Scrapping the Data from MLBAM
So just for fun I decided to get the data using python and lxml. Code is pretty straight forward; supposing the script is stored where the hit and game files are, it:
- Stores the path to the lists the game and hip files.
- Loops through the files and scraps the desired data from them via XPath.
- Saves the scrapped data into a csv file.
from lxml import etree | |
import glob | |
import csv | |
# Input Files. | |
hipFiles = glob.glob('*hip.xml') | |
gameFiles = glob.glob('*data.xml') | |
# Output File. | |
csvFile = open('hitsPerGame.csv', 'wb') | |
# CSV Writer. | |
writer = csv.writer( csvFile ) | |
# XML Parser. | |
parser = etree.XMLParser( ns_clean = True ) | |
# Lists were data will be stored. | |
h_desc = [] # Hit Description. | |
x_cord = [] # Hit x coordinate. | |
y_cord = [] # Hit y coordinate. | |
g_stad = [] # Stadium game was played in . | |
b_team = [] # Batting team. | |
g_num = [] # Game number | |
for i in xrange( len( gameFiles ) ): | |
# Game Data: Playing teams, Stadium. | |
gameTree = etree.parse( gameFiles[i], parser ) | |
# hip Data: hip description, X & Y coordinates, Batting team. | |
hipTree = etree.parse( hipFiles[i], parser ) | |
h_desc.extend( hipTree.xpath( '//hip/@des' ) ) | |
x_cord.extend( hipTree.xpath( '//hip/@x' ) ) | |
y_cord.extend( hipTree.xpath( '//hip/@y' ) ) | |
# Check if team is guest or home, then set team name based on that. | |
t_goh = hipTree.xpath( '//hip/@team' ) | |
t_name = gameTree.xpath('//team/@name_brief') | |
# Extend stadium to fit number of hits. | |
g_stad.extend( gameTree.xpath('//stadium/@name') * len( t_goh ) ) | |
b_team.extend([ t_name[0] if j == 'H' else t_name[1] for j in t_goh ]) | |
# Game Number. | |
g_num.extend( [i + 1] * len( t_goh ) ) | |
data = zip( g_num, g_stad, b_team, x_cord, y_cord, h_desc ) | |
# Add data to csv file. | |
for row in data: | |
writer.writerow( row ) | |
csvFile.close() |
The Dataset
Once the data gets scrapped from the MLBAM files, we are ready to do some quick analysis on it. Since the goal of this research is to plot the balls put in play by both teams, it’s probably a good idea to see how the batted balls in play look like in a Cartesian plane:
So at first glance we are able to see a couple of issues:
- There some batted balls that hold an Error description and a (0,0) position in the plane.

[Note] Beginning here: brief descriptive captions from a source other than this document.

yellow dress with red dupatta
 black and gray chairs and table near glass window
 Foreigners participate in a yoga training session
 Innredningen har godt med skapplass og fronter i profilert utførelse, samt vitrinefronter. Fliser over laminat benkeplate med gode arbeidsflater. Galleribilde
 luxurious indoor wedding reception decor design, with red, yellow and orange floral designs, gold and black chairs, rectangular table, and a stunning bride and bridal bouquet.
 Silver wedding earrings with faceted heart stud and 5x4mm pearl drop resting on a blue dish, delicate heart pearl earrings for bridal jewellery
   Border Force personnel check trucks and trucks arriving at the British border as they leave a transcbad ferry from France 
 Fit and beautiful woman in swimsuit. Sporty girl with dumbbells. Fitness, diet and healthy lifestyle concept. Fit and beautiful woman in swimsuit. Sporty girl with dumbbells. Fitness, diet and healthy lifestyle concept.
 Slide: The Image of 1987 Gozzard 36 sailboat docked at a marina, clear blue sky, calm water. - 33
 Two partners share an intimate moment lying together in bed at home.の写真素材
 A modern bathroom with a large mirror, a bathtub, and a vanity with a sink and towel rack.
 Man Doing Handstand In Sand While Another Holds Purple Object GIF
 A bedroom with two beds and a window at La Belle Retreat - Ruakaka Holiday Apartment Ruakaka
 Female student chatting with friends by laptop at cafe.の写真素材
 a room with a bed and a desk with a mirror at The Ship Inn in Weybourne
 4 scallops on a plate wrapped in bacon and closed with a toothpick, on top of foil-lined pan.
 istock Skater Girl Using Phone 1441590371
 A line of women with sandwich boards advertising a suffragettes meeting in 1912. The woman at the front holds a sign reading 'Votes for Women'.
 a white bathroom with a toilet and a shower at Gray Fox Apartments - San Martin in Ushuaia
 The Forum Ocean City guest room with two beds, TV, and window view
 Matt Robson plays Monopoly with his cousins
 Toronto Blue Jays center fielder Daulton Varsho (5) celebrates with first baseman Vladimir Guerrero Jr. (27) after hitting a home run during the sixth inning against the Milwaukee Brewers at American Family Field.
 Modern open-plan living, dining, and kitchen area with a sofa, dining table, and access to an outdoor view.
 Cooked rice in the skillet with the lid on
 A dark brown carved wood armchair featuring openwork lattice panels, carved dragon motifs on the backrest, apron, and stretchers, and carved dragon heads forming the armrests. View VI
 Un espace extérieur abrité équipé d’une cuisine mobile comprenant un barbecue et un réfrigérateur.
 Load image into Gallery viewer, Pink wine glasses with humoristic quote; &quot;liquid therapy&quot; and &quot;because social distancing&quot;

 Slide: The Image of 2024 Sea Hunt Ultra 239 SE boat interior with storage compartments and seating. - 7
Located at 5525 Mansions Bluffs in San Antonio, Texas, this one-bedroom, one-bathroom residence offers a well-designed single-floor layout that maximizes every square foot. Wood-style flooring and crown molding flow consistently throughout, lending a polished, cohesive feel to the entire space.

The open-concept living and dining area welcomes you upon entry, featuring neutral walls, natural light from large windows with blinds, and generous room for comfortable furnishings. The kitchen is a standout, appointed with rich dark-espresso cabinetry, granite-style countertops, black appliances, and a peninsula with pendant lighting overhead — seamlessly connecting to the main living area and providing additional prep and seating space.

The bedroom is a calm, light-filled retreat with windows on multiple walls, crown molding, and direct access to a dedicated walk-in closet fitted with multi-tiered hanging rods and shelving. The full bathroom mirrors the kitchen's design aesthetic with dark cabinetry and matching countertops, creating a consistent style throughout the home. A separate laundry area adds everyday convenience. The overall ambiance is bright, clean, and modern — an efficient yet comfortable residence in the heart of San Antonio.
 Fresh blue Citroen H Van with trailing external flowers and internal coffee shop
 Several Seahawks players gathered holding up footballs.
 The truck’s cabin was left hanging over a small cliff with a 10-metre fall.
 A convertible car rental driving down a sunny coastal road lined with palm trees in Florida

- Balls with a higher distance travelled have a lower y value. In other words, Home Runs, have a value near to zero and bunted balls carry a value very distant from x axis. This a problem because when values get plotted, they give the impression that the baseball field is turned upside-down( just like in the above plot ).
You can get the code I used to create this plot from here. Moreover, you can download the data set created with the python script from here.
Creating the Plot
So as I explained in the last section, the error and coordinates issues need to be solved before we can do any graphical representations of the batted balls in play. As you can see in the R code below, I fixed these problems in lines 24 and 27 respectively. Please note that I equaled y_max to 250 because this value fit the graph dimensions perfectly.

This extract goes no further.